“The U.S. economy is really perched on the edge of a cliff right now,” says Bank of Tokyo-Mitsubishi UFJ economist Ellen Zentner, as Marketwatch reports “the markets get ready for a busy week of data, including numbers about the already damaged U.S. housing market, orders for durable goods and personal income and spending.”
There have been anecdotal reports of a better-than-last-year Black Friday (so named for when retailers traditionally see profits move out of the red and into the black on the day after Thanksgiving). But home sales, construction, and October consumer spending numbers are expected to drop. “Federal Reserve officials believe a substantial decline in home prices is a big risk to the economy, according to forecasts released for the first time by the Fed on Tuesday.

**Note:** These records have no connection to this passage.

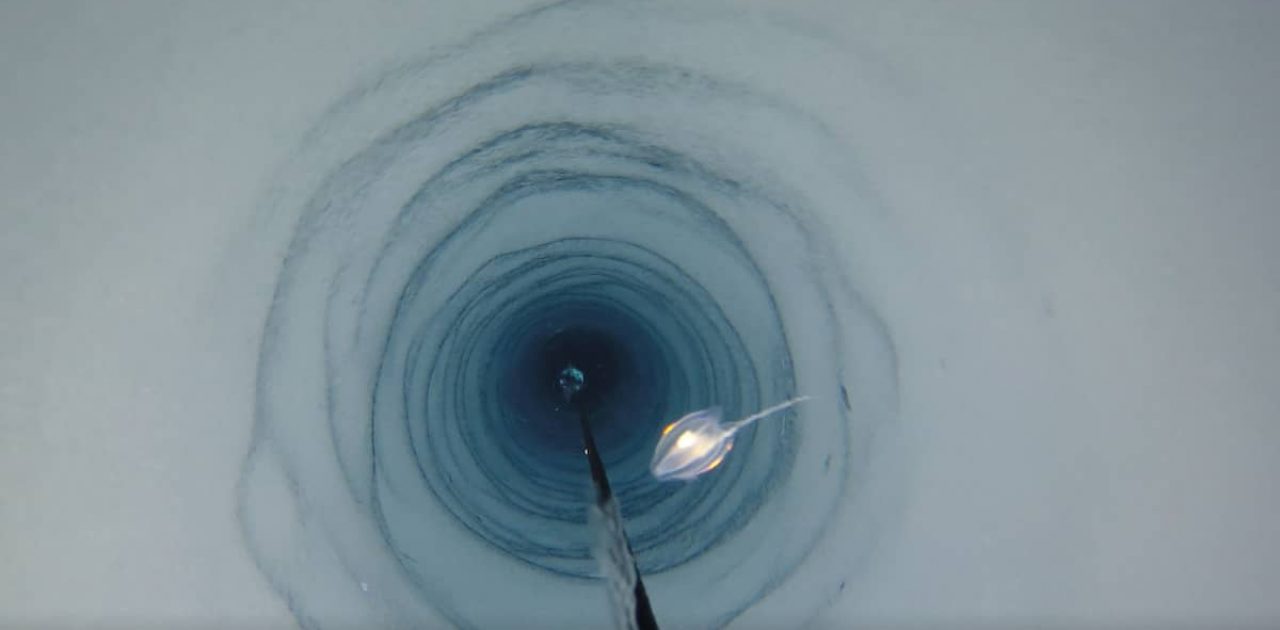 criaturas na Antártica capa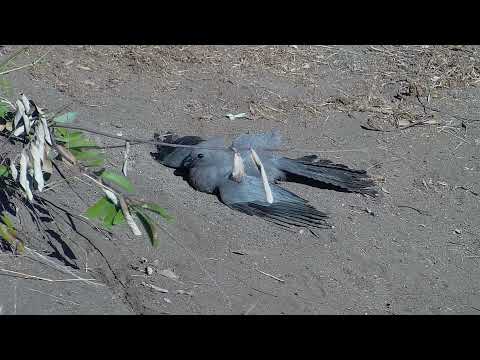 Ranger Insights | Grey Go Away Bird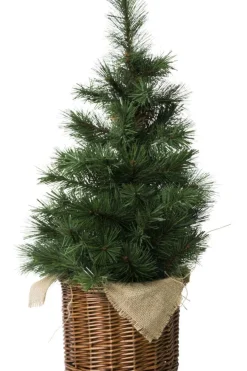 Furubusk i flettetkurv 50cm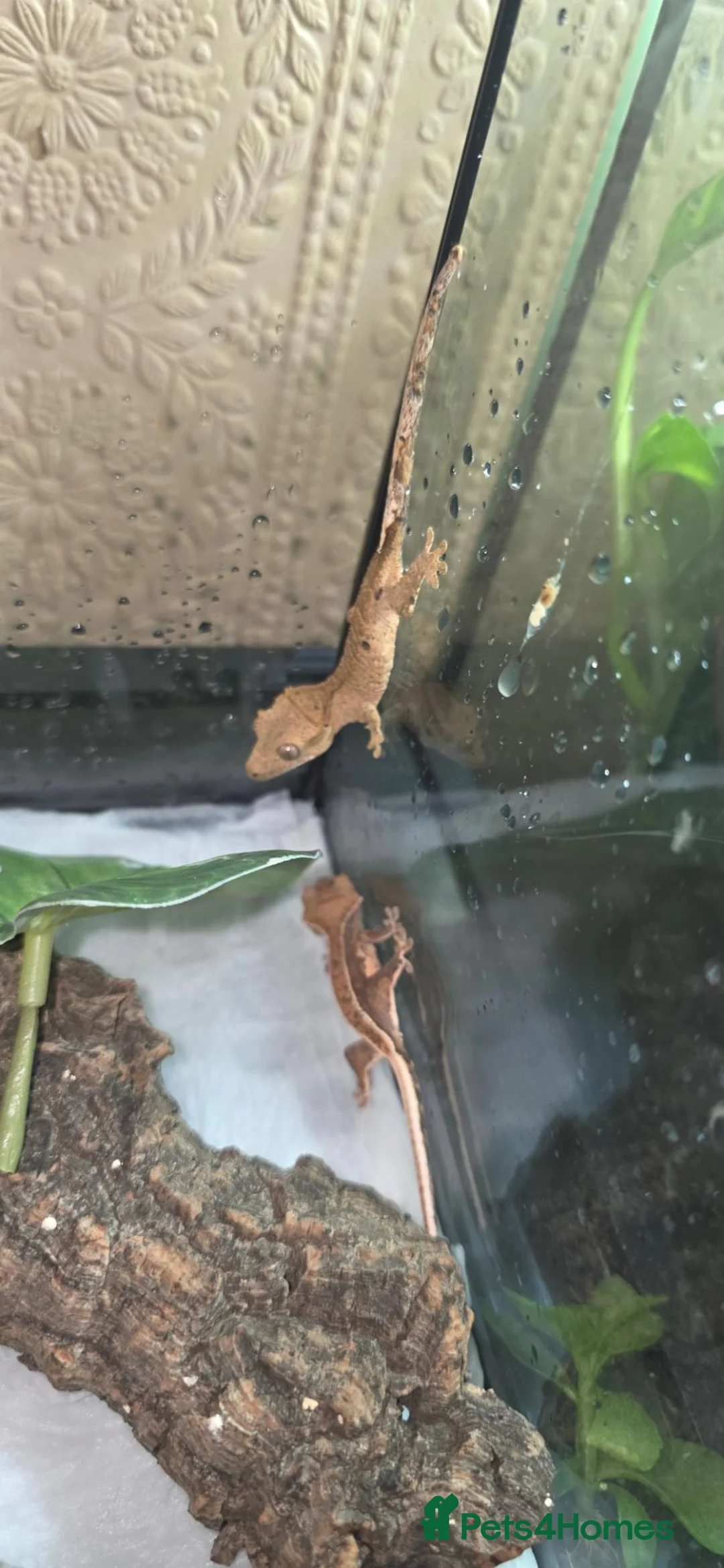 Gecko reptiles for sale: Crested geckos PLEASE READ THE DESCRIPTION - Advert 2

The Fed’s forecasts, combined with the summary of its October meeting, appeared to show more concern about slower growth than higher inflation.” There are also fears that the labor market is weakening. “‘Recent data on initial jobless claims suggest layoff activity is gradually accelerating as the full effects of the fallout from tighter credit conditions and the housing recession are realized,’ notes [Ryan] Sweet [of Moody’s Economy.com].”
The question to answer, said [Jim] O’Sullivan [of UBS], is what kind of slowdown the economy’s heading for. “Is it a ‘suddenly falling off a cliff’ slowdown…or more of a gradual slowing?” he asked.